Joint par RT France, le porte-parole de l'Union des policiers nationaux indépendants, Jean-Pierre Colombies, souligne pour sa part un paradoxe : «Ce sont ces mêmes associations qu'ils ont détruites au cours des dernières années ! Et ils demandent aux policiers de les remettre en place ? Mais cela a toujours existé ! Les clubs de football, les associations et les pots pour célébrer les promotions, cela faisait partie intégrante de la culture policière. Seulement, à partir de 2003, on nous a dit très expressément que dorénavant on serait dirigés comme dans une entreprise du privé et que la police à la papa, c'était terminé.»

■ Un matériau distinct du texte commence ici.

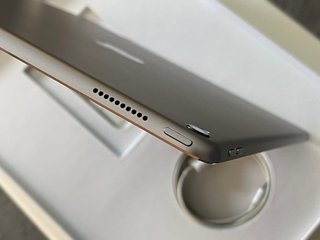 iPad Pro 1ª Gen 256GB Plata Caja Cables
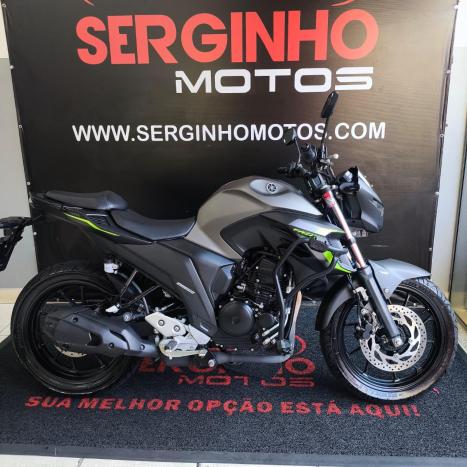 YAMAHA YS Fazer 250 , Foto 1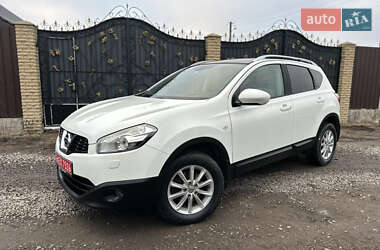 Внедорожник / Кроссовер Nissan Qashqai 2010 в Миргороде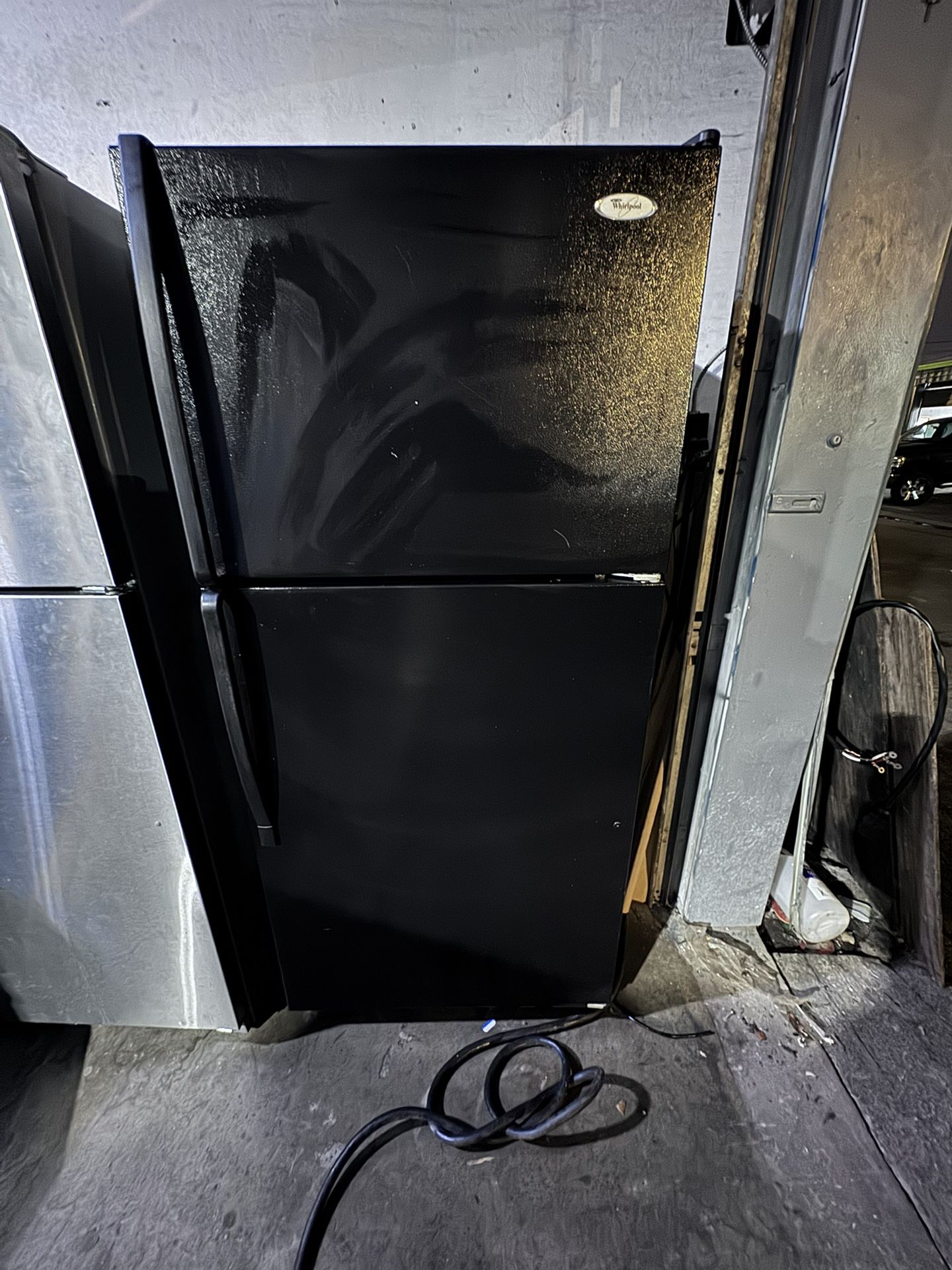 Whirlpool Refrigerator 30"width Black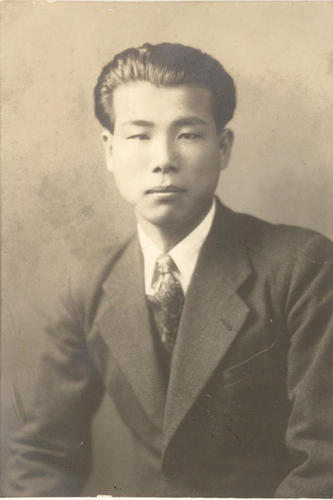 1942년경 도쿄제대 대학원 시절의 김수경 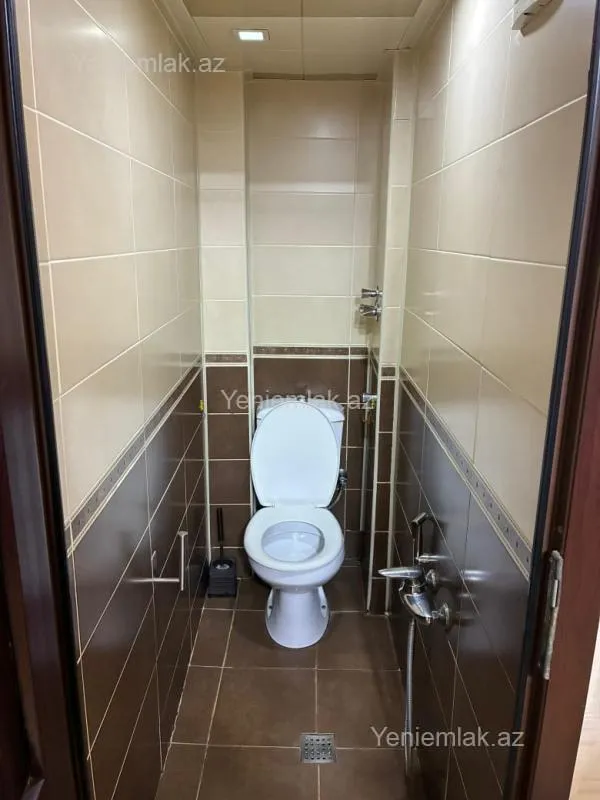 Satılır 3 otaqlı köhnə tikili 70 m²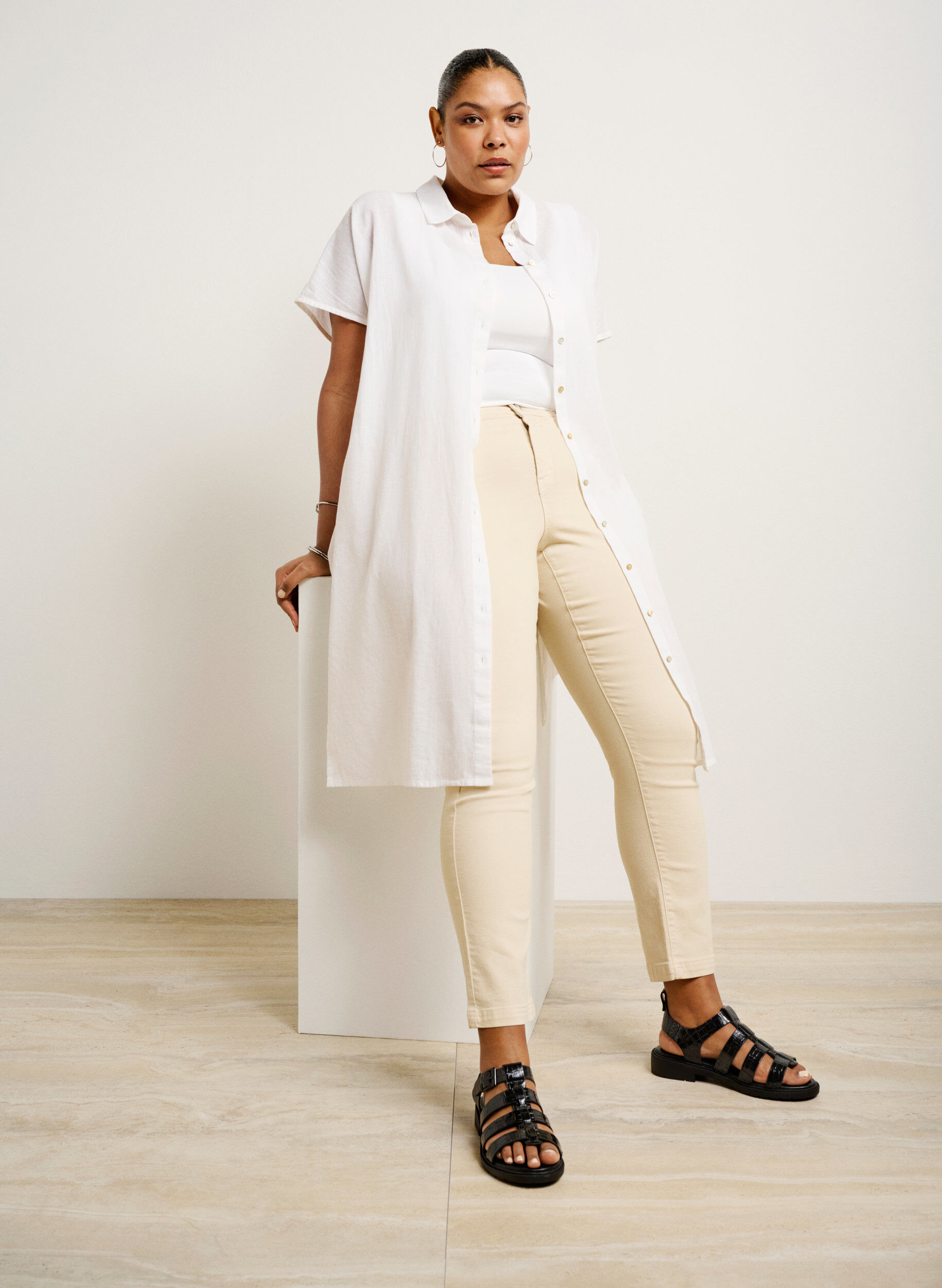 Zizzi Sandal med bred passform i skinnende krokodilleskinn, Black, Image image number 0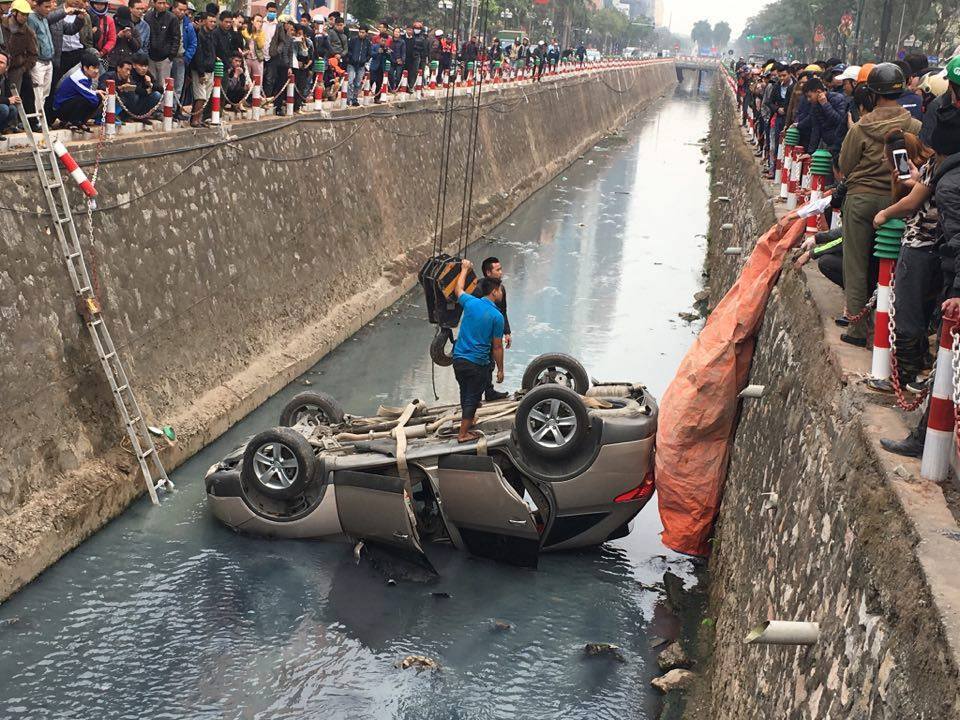 Hà Nội: Ô tô lao xuống mương nước, một phụ nữ may mắn thoát nạn - Ảnh 2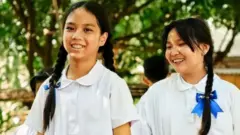 ကျောင်းသူတွေကို ဆံပင်ရှည် ထားခွင့် ပေးခဲ့ချိန်မှာ စည်းနှောင်ထားရမယ် … ဖြန့်ချမထားရ ဆိုပြီး ဆက်ပြီး ကန့်သတ်ခဲ့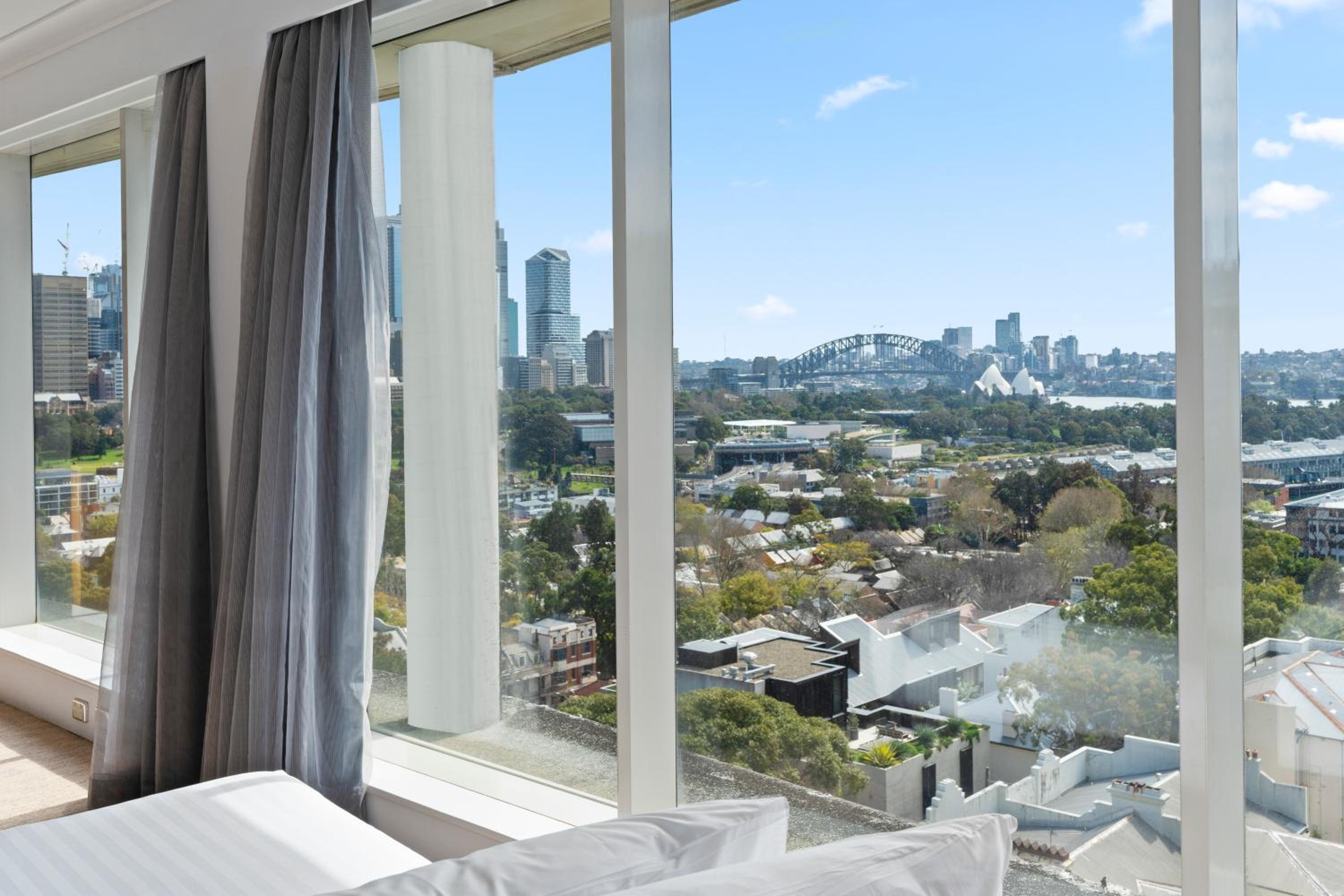 One-Bedroom King Suite with Harbor View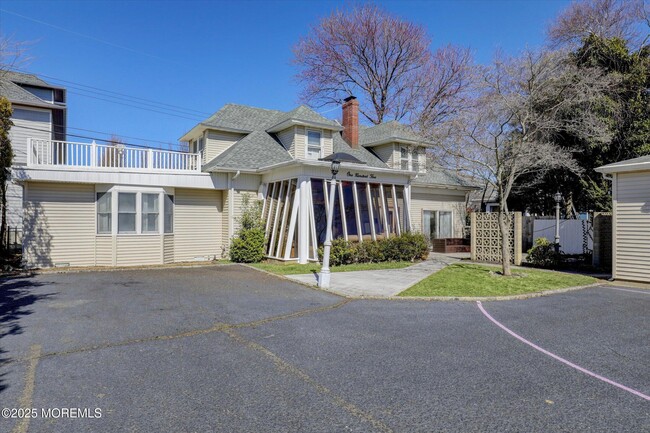 Building Photo - 105 Elberon Ave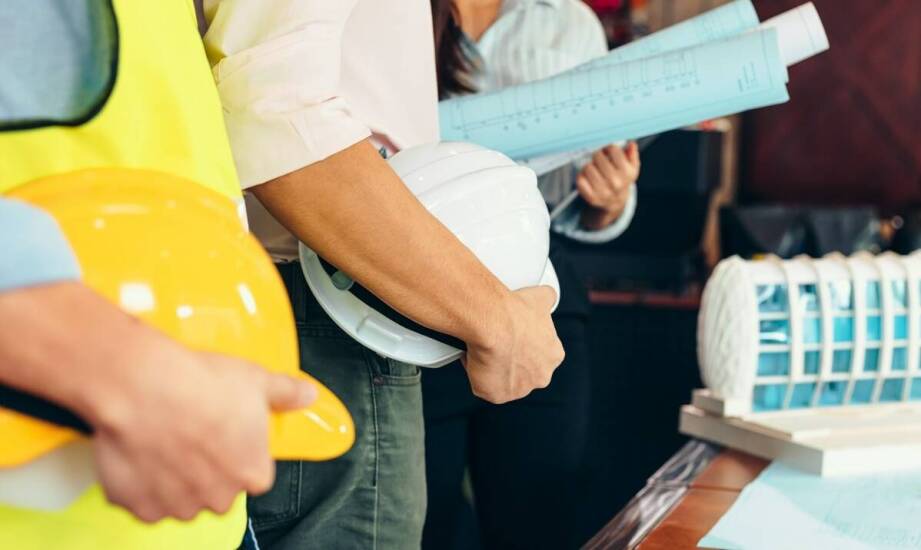 Jakie są przepisy dotyczące pracy małoletnich?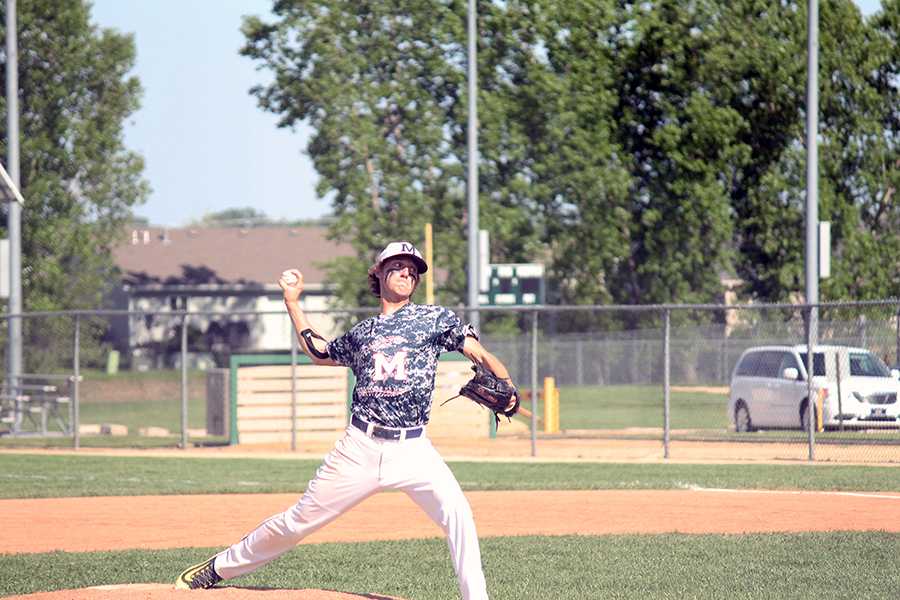 Baseball splits with Hayden on senior day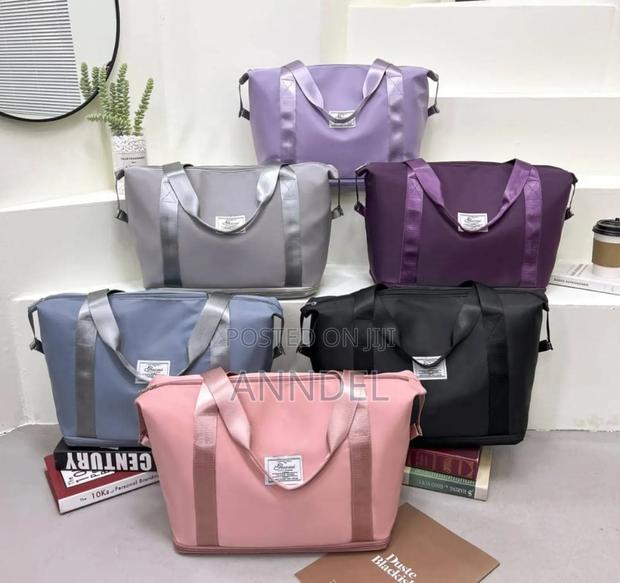 Travelling Bag · Photo 3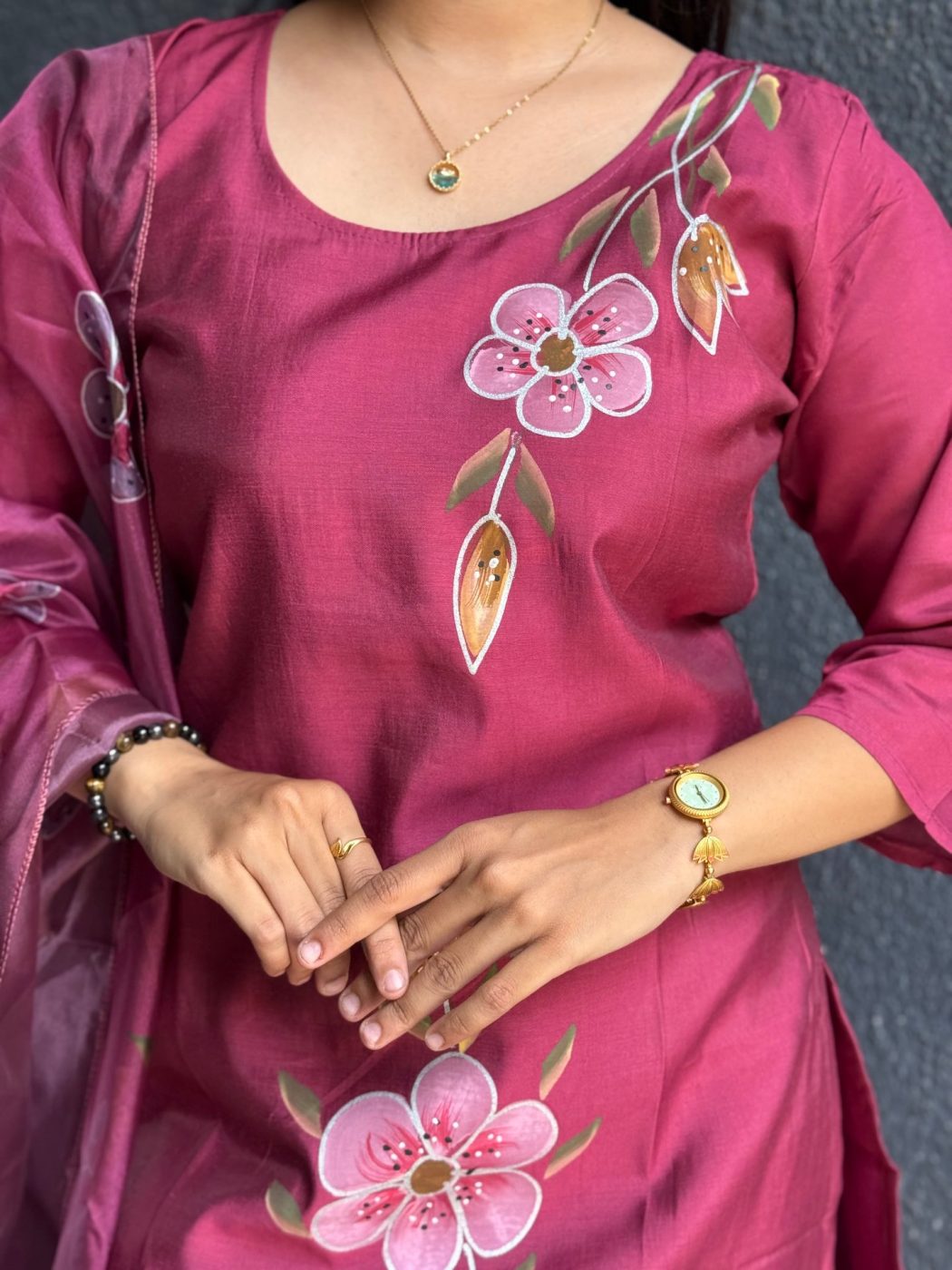 ROSE WINE FLORAL LUXE SET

C'est toute la philosophie de la police actuelle que le porte-parole remet en question : «On se rend compte aujourd'hui que ça marchait très bien, mais c'est précisément la DGPN qui a cassé ces associations. Dans ce métier, on est malheureusement dirigés par des gens qui ne sont intéressés que par l'efficience et le domaine comptable, mais à présent on paie cash cette vision policière de la part de l'aristocratie administrative... ça donne plus ou moins 50 suicides par an. Il faudrait moins d'énarques technocrates et il faudrait en finir avec cette philosophie qui veut faire du policier une sorte de gendre idéal dont rien ne dépasse, c'est du cosmétique tout cela. La direction doit aller plus loin et se remettre en question, sinon ça prête à sourire leur truc, au mieux.»
Et le policier retraité de déployer une autre dimension du débat : «Je rappelle qu'après que cette chasse aux associations a eu lieu pendant des années, on peut aussi déplorer que le ministre de l'Intérieur actuel a totalement refusé de recevoir les associations des femmes de policiers qui voulaient justement échanger sur ce thème du suicide dans la police. Dès lors, on peut se poser la question : combien de temps s'écoulera-t-il avant que les familles des policiers qui se sont suicidés ne se retournent contre leur employeur, comme cela s'est passé chez Orange ? Qu'adviendrait-il si un collectif de victimes devait engager la responsabilité pénale de l'Etat pour non-assistance à personne en danger ? En réalité, cette nouvelle note pourrait même être versée dans un dossier à charge contre la DGPN, car il s'agit d'un énorme aveu d'échec en matière de management.»